The recent focus on social-emotional learning — also known as “soft skills” — in our classrooms is also helping schools better prepare students for challenges that no child should face, but many do.

Those challenges are real: In my classroom, one student is a caregiver for his parent, another has lost multiple siblings to gun violence, and many others have parents that work long hours and are rarely around. These experiences have a considerable impact on their learning; often, students don’t have the tools to cope with this stress, and so they express their frustration by acting out in disruptive ways.

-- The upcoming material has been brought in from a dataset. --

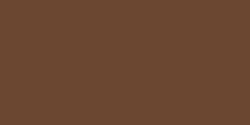 Americana Acrylic Paint 2oz-Light Cinnamon - Opaque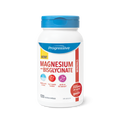 31002026 Progressive Magnesium with Bisglycinate 120 Capsules PV9954_MAIN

And yet, amid all this advocacy for our students’ mental health, we neglect our own. I worry that without a healthy state of mind, educators can’t offer their best teaching and attention to students, perhaps causing additional harm to kids already dealing with heavy burdens outside of school.

I don’t think it has to be this way. If more funding was allocated to our schools for student counseling, it would allow educators more time to focus on teaching. Our schools could provide social and emotional support to our students and staff to help them learn coping mechanisms. We would be able to hold self-care activities for the entire school. Support staff could give students and parents tools to support them outside of school.

To ensure students’ well-being, we need our own help.

Dr. Martin Luther King Jr. said it best: “Whatever affects one directly, affects all indirectly. I can never be what I ought to be until you are what you ought to be. This is the interrelated structure of reality.” Student and educator mental wellness are deeply interconnected, and we all must make sure we help educators be the best they can be for their students.

Shakita Smith is a teacher’s assistant at Pablo Casals School of Excellence in Humboldt Park. She is also a member of the Chicago Teachers Union and Educators for Excellence, a national teacher policy and advocacy organization.